# Simple Sam Signature Grand | Livestream Replay (edited)



## Simeon (Jun 12, 2020)

Here is a walkthrough and impressions from the Simple Sam Signature Grand, what an amazing piano library!
This was from my recent live stream, I hope you enjoy watching?


----------



## FlyingAndi (Jun 13, 2020)

Thank you Simeon. A wonderfull review as always.
In one of the comments on YouTube you called it the "Hans Zimmer lite". While I don't have any of these two piano libraries, I cannot agreed. From the reviews and demos I've seen, the HZ Piano never appealed to me. To my ears, it just sounded to sterile. Not so with the Signature Grand. To my ears there is much more life in this piano.

(Part of me wants now to buy it, another part of me tells me that I recently bought more virtual pianos than I have recorded music with and that the Grandeur is probably enough for all my Steinway Model D needs.)


----------



## Simeon (Jun 14, 2020)

FlyingAndi said:


> Thank you, Simeon. A wonderfull review as always.
> In one of the comments on YouTube, you called it the "Hans Zimmer lite". While I don't have any of these two piano libraries, I cannot agree. From the reviews and demos I've seen, the HZ Piano never appealed to me. To my ears, it just sounded too sterile. Not so with the Signature Grand. To my ears, there is much more life in this piano.
> 
> (Part of me wants now to buy it, another part of me tells me that I recently bought more virtual pianos than I have recorded music with and that the Grandeur is probably enough for all my Steinway Model D needs.)

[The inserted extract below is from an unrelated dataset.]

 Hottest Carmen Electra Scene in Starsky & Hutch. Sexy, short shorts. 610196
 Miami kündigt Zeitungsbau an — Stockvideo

Honestly, I have not heard any of the HZ Piano demos, which I should in order to have a better reference. It only refers to the fact that it was basically the same piano and hall (I have since updated that comment to avoid any confusion).
I agree that Signature has something that is hard to explain. It is probably due to taking a different approach at the outset to convey a more immersive sound when playing the piano.
It just has that “something” that is a little hard to put into words.
Thanks so much for watching.
All the best!


----------



## chasmanian (Jun 15, 2020)

Simeon, 
would you please tell me if you adjust the Response soft/hard knob setting?


----------



## Simeon (Jun 15, 2020)

chasmanian said:


> Simeon,
> would you please tell me if you adjust the Response soft/hard knob setting?



Oh yes,
One of the key factors in getting the sound you really want is to look at all of the settings that affect the connection between your controller and the instrument.
I typically love to see a nice curve in the velocity response so I can play very softly but get the full velocities when I dig into the keyboard.
Signature Grand especially benefits from adjusting these controls as it makes a difference in how you will experience this wonderful instrument.


----------